◆ **SUPPLIED MATERIAL**
--------------------------------------------------
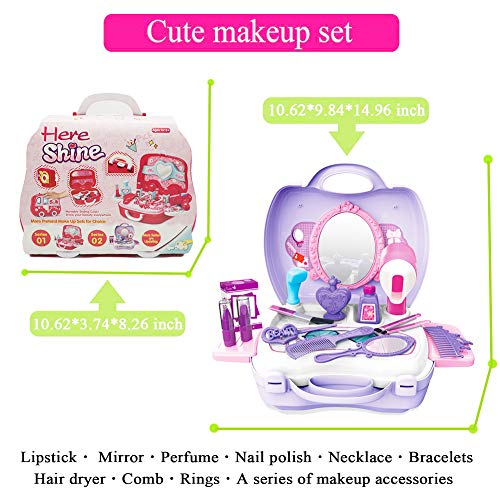 Little Girls Pretend Makeup Kit Cosmetic Pretend Play Set Kids Beauty Salon Makeup Set Toy for Children Best Gift Set with Mirror
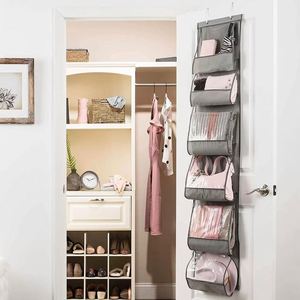 2026 Home Organization <b>Hook</b> Hanger 6 Pocket Big Bags Storage Folding Hanging Purse Handbag Organizer Storage - Product Image 5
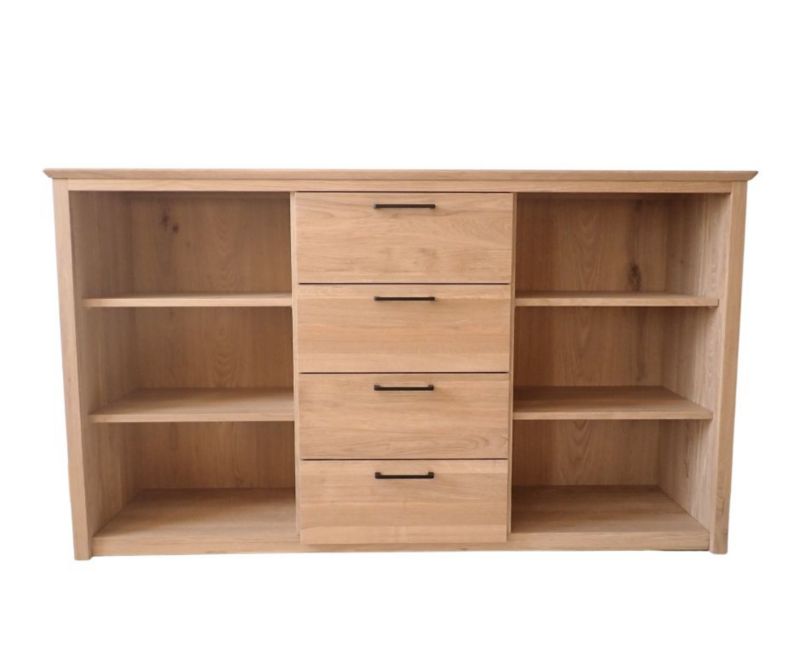 Komoda ICFWood jasny dąb lity 6 półek 4 szuflady 164,5 x 95 x 42,5 cm 1 szt.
--------------------------------------------------
◆ **TASK GOAL**
The lines from the one holding "2026 Home Organization" through the end of the material above are to be echoed exactly, both ends included. Do not include pictures.

◆ **SOLVED EXERCISE**
 2026 Home Organization <b>Hook</b> Hanger 6 Pocket Big Bags Storage Folding Hanging Purse Handbag Organizer Storage - Product Image 5
 Komoda ICFWood jasny dąb lity 6 półek 4 szuflady 164,5 x 95 x 42,5 cm 1 szt.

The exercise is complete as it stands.